Wednesday, April 22, 2009

Our Ego... The Imposter

Years ago I read Brennan Manning’s book, “Abba’s Child.” On his incredible journey of teaching me about being God’s “Beloved,” he speaks of the imposter in his life. I think this imposter is what today, we are calling the ego. Here is a conversation that he had with his “imposter” on the last day of a 30 day silent retreat.

“Good morning, impostor… You taught me how to hide my real self from everyone and initiated a lifelong process of concealment, containment, and withdrawal. Your resourcefulness enabled me to survive. But then your other side appeared and you started lying to me. Brennan, you whispered, if you persist in this folly of being yourself, your few long-suffering friends will hit the bricks, leaving you all alone. Stuff your feelings, shut down your memories, withhold your opinions, and develop social graces so you'll fit in wherever you are.

And so, the elaborate game of pretense and deception began. Because it worked I raised no objection. But you (imposter) needed someone to bridle you and rein you in. I had neither the perception nor the courage to tame you. Your appetite for attention and affirmation became insatiable. I never confronted you with the lie because I was deceived myself.

The bottom line, my pampered playmate, is that you are both needy and selfish. You need care, love, and a safe dwelling place. On this last day in the Rockies my gift is to take you where, unknowingly, you have longed to be...... in the presence of Jesus.”

My ego is born out of the same longings that Brennan speaks of. I needed it when I was young, but as an adult, it became a time bomb in my life. I am embarrassed to say that at fifty-three, I am standing naked and unarmed for the first time in my life. I have spent a lifetime trying to be good enough, trying to “love well” so that I could be assured of others love. (Give to get would be a more honest description.) Though I am at the beginning of this honest life, I am at peace. I have my family, a few good friends and a small community of people who are broken, just like me.
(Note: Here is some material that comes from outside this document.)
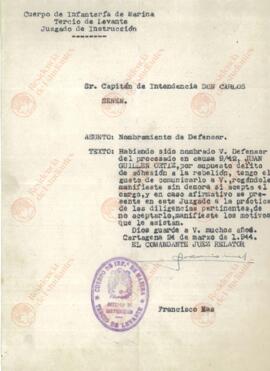 Pieza de Expediente de Juicio Militar sobre comportamiento(s) durante la Guerra Civil. Expediente del "caso Albacete": Procesamiento de los integrantes de un piquete de ejecución de una sentencia de muerte de los tribunales populares de Albacete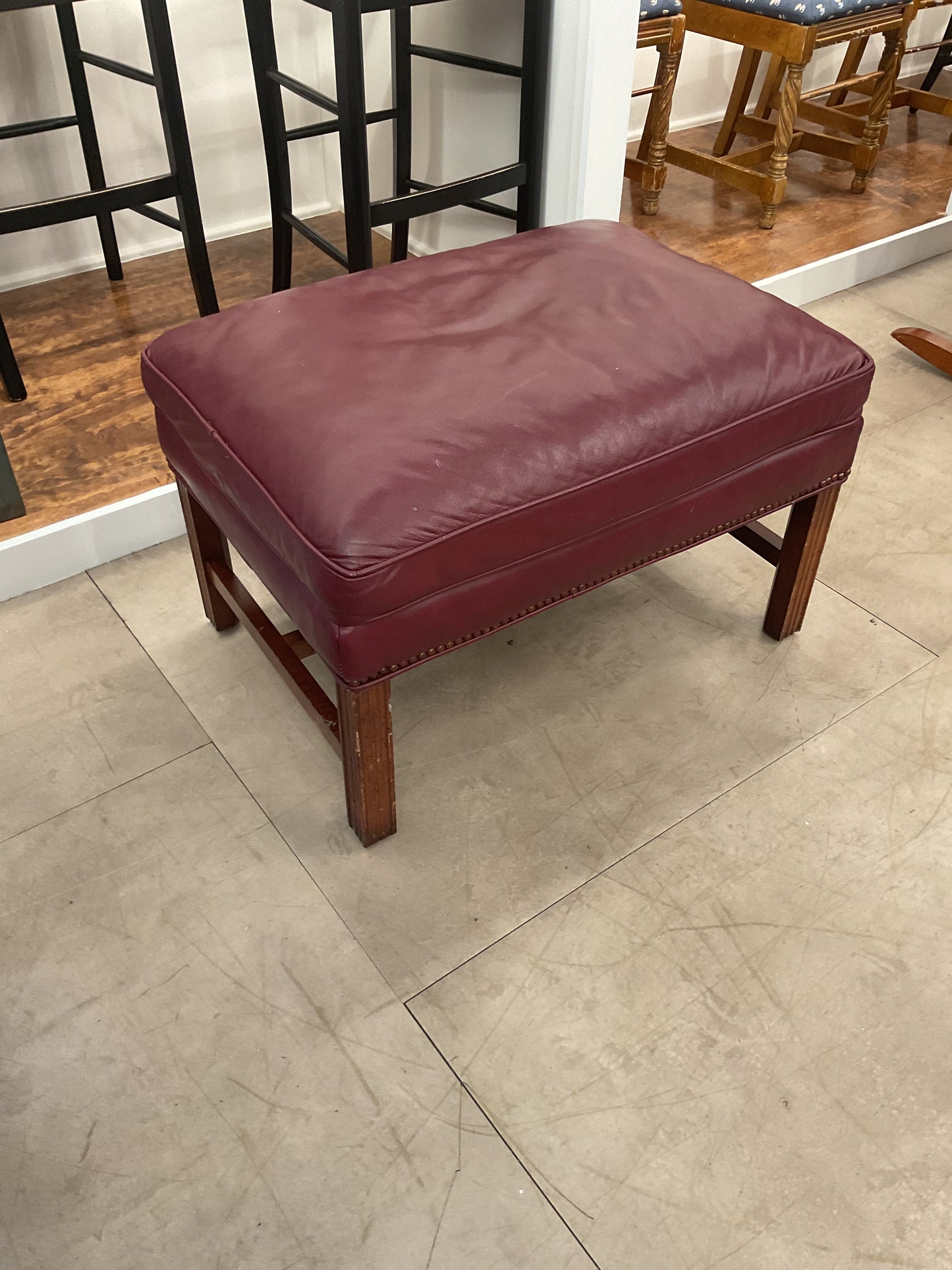 Burgundy Ottoman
If you are still trying to hold up this imposter in your life, I encourage you to loosen your grip as much as you are able. You can humbly embrace your true identity or risk stepping on the land mine of pride that has masked your naked, needy self.

Though the journey can be painful, the truth really will set you free.

• How does your “imposter” present him/herself to your world?

• Consider your deepest fears and your true longings. What do you do to get hose longings met?

• Consider how your life might look different if you gave up the pretense of self protection and were free enough to simply live your life.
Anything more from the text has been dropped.